The IDS Incident Handling 101

We came up with a decent short description of Intrusion Detection System (IDS) incident handling during a recent lunch discussion.

Handling IDS incidents is not very different to making a puzzle. You first gather and identify the individual pieces and then you place them together correctly. While traditional puzzles, once put together, present you with a complete picture, the IDS incidents present you with a possible attack against one of your IP addresses.

The alerts in the current generation of IDS systems come in five pieces. There are always...

the source IP address
the source port
the destination IP address
the destination port

...and the IDS signature, which was triggered by an pattern detected in the network traffic by the IDS sensors.

As with traditional puzzles, you have to examine each given piece thoroughly before attempting to put them together. Some preliminary questions regarding the involved systems are the installed operating systems and the applications. Large part of the IDS signatures detect exploits to specific vulnerabilities in software, so the patching level of the systems and of the destination especially is one of the initial things to check also.

Ideally the incident handler is able to securely connect to the monitored environment and verify all of the above from the systems themselves, but in case this is not possible, ensure the incident response team has a system database of some type available to them. ALL monitored IP addresses really should be listed. I know it may be a taunting task in large environments to identify the various switch port addresses and the virtual addresses used for load balancing and clustering et cetera, but I guarantee you that simply assessing and documenting properly your computing resources is a big step in hardening your environment against misuse.

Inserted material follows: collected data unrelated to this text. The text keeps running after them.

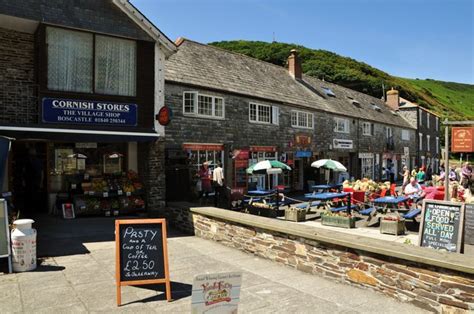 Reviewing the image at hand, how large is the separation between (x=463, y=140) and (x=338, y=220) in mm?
4544

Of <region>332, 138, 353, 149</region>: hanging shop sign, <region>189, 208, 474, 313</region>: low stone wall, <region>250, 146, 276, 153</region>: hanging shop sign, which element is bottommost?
<region>189, 208, 474, 313</region>: low stone wall

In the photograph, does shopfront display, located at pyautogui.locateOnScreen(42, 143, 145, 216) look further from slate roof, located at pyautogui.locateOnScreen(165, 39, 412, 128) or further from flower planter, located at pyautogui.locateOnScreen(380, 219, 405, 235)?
flower planter, located at pyautogui.locateOnScreen(380, 219, 405, 235)

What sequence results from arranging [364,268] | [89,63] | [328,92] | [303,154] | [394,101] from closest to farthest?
[364,268], [89,63], [303,154], [328,92], [394,101]

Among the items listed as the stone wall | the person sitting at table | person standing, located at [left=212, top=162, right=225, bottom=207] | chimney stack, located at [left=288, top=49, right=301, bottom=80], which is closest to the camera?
the stone wall

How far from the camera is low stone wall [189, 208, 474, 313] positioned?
5.14 m

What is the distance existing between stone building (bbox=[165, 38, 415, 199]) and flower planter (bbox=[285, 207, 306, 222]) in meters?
3.61

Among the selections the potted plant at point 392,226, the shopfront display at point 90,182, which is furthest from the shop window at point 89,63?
the potted plant at point 392,226

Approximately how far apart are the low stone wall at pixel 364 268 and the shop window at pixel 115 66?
5.39 meters

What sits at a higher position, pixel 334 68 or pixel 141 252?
pixel 334 68

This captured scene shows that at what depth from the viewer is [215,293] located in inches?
154

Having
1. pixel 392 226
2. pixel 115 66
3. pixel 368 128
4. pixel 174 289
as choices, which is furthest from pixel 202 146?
pixel 368 128

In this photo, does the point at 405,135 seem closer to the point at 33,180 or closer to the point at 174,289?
the point at 33,180

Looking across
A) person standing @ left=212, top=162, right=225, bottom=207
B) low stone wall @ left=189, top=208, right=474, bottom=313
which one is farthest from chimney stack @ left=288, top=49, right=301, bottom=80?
low stone wall @ left=189, top=208, right=474, bottom=313

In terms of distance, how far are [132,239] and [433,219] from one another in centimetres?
623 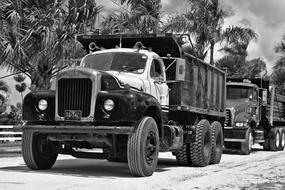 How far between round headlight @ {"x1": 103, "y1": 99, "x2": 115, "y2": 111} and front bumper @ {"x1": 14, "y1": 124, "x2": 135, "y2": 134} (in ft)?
1.14

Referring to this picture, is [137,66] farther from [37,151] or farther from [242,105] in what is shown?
[242,105]

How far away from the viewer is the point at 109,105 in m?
9.73

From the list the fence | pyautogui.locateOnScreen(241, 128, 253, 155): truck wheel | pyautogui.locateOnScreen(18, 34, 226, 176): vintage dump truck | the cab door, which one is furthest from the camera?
the fence

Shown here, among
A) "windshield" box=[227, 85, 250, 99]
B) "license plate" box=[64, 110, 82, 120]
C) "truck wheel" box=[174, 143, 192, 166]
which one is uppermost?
"windshield" box=[227, 85, 250, 99]

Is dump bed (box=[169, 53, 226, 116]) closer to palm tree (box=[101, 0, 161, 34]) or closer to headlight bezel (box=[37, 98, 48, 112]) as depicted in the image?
headlight bezel (box=[37, 98, 48, 112])

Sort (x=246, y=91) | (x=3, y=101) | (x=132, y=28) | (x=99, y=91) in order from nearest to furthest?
(x=99, y=91)
(x=246, y=91)
(x=132, y=28)
(x=3, y=101)

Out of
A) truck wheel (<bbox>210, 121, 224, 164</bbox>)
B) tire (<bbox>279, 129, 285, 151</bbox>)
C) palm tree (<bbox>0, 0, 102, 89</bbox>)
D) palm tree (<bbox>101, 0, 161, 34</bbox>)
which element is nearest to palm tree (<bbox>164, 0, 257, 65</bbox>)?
palm tree (<bbox>101, 0, 161, 34</bbox>)

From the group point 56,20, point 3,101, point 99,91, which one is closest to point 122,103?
point 99,91

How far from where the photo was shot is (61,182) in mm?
9094

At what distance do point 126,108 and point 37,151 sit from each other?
8.02ft

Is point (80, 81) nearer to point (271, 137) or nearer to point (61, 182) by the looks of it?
point (61, 182)

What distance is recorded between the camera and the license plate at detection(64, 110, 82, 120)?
994 cm

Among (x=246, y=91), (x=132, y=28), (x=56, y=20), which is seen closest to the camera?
(x=56, y=20)

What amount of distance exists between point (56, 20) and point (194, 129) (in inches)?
284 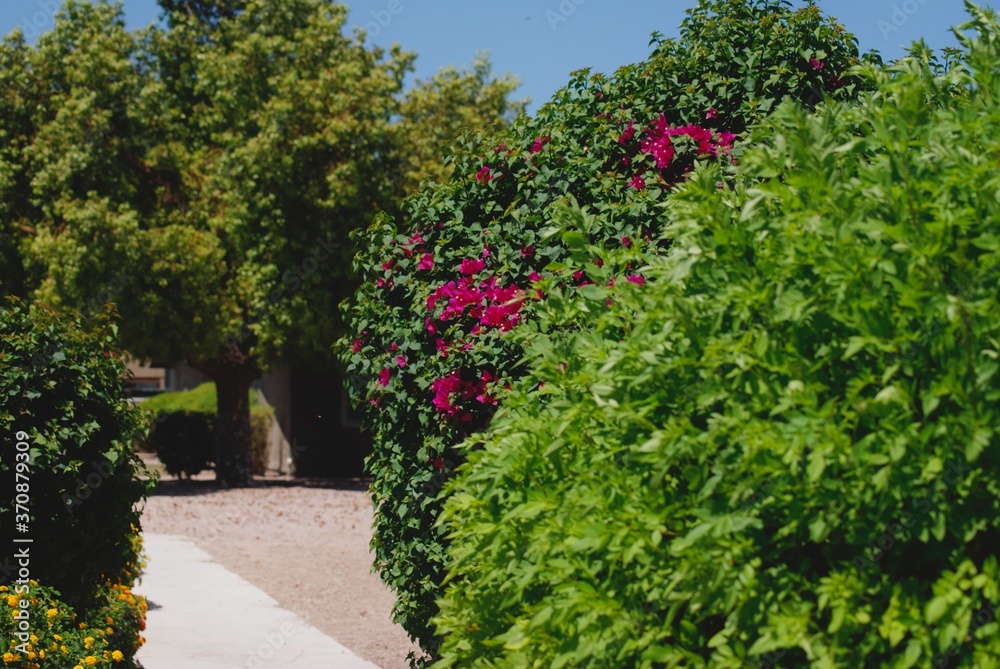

Among many other things, a proper system database enables your incident response team to react fast and properly to any possibly true positive attacks. The database should include at least the following properties for each monitored IP address:

-DESCRIPTION of the system usage
(as in web server, internet gateway router, LAN server, workstation etc.)
-OPERATING SYSTEM and the patching level
(including the network device firmware etc.)
-APPLICATIONS installed on the systems
(the exact version numbers)
-CONTACT DETAILS of the system administrators
(for running commands on the systems etc.)

Do not overlook the system information carried by the IPv4 addresses. One of the steps to full system identification is identifying the IP address ranges involved. In case the monitored environment includes publicly available servers, pay attention to the source addresses. Any addresses in the private IPv4 address ranges are most likely internal systems and as such possibly indications of more serious compromise.

The next piece to look at are the TCP/UDP ports. Do multiple searches to identify all possible services known to use the involved ports on the given platform. The IANA Port Numbers list is the official resource for figuring out the legitimate use of the Well Known Ports and the Registered Ports (namely the ports between the 0 and the 49151).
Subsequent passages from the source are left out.